Slipstream wrote:Big question;
How are you going to combat air bubbles?
The more detail on your master model the more air bubbles you will get.
While there are some resins and chemicals that will reduce bubbles they will not eradicate them. What you will need is something like a pressure chamber(it pushes air bubbles out) or a vacuum chamber(which sucks them out).Both of these cost a lot and you can spend upwards of £1000 or more. Also you'll need a good cleaning agent to take the shine off the castings so you can paint them.
There are various resins/plastics you can use and this site is one of the best and I'm sure he'll be able to suggest what you need.

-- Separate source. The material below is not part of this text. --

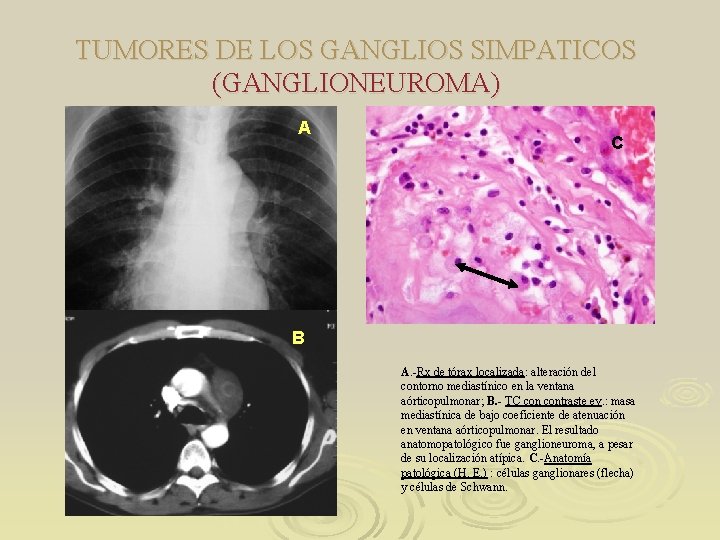TUMORES DE LOS GANGLIOS SIMPATICOS (GANGLIONEUROMA) A C B A. -Rx de tórax localizada:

http://www.tiranti.co.uk/EdgeImpactShop/category.php?Category=10
You need neither of those things for home casting. You also don't need specialist cleaning agents, any more than you do when cleaning
FW models.
OP: Check out sites like tomps.com and, since you're new, look for resins with a longer pot-life and extremely low viscosity. They take longer to cure in the mould, but you will be glad of the extra time to mix without worrying you're going to end up trying to pour half-cured glop. Low viscosity is step one in combating air bubbles without ridiculously expensive professional equipment(ideally you also want very low viscosity mould rubber). Step two is learning how to structure your moulds and how to pour properly. Try something like this:
Pour into it very slowly from a few inches above the inlet - the goal is to maximise the surface area of the resin throughout the pour(increasing the chance any bubbles will burst), and also minimise the number of places bubbles would be likely to collect(hence angling the models slightly) & provide a way out for them if you can't(smaller channels from protrusions). Done right, the result should be good enough for anyone who's not going to be selling the final casts - you'll have a few bubbles to fill in at the end, but if you design the mould right they shouldn't be obliterating any detail.
Step three, if you want to go further, is to build a vibration plate. Two flat bits of board one bigger than the other, some long nails, hooks with a screw end, and some chunky rubber bands aren't expensive and allow you to suspend one bit of board, then add any kind of vibrating motor to the bottom of it. Put the mould on top, pour carefully as usual, then run the motor for a few minutes - the vibration helps to further prevent bubbles coming to rest on the exterior surfaces of the model.
As for cleaning off the mould release, warm water and Fairy liquid will do the job on every one I've ever tried.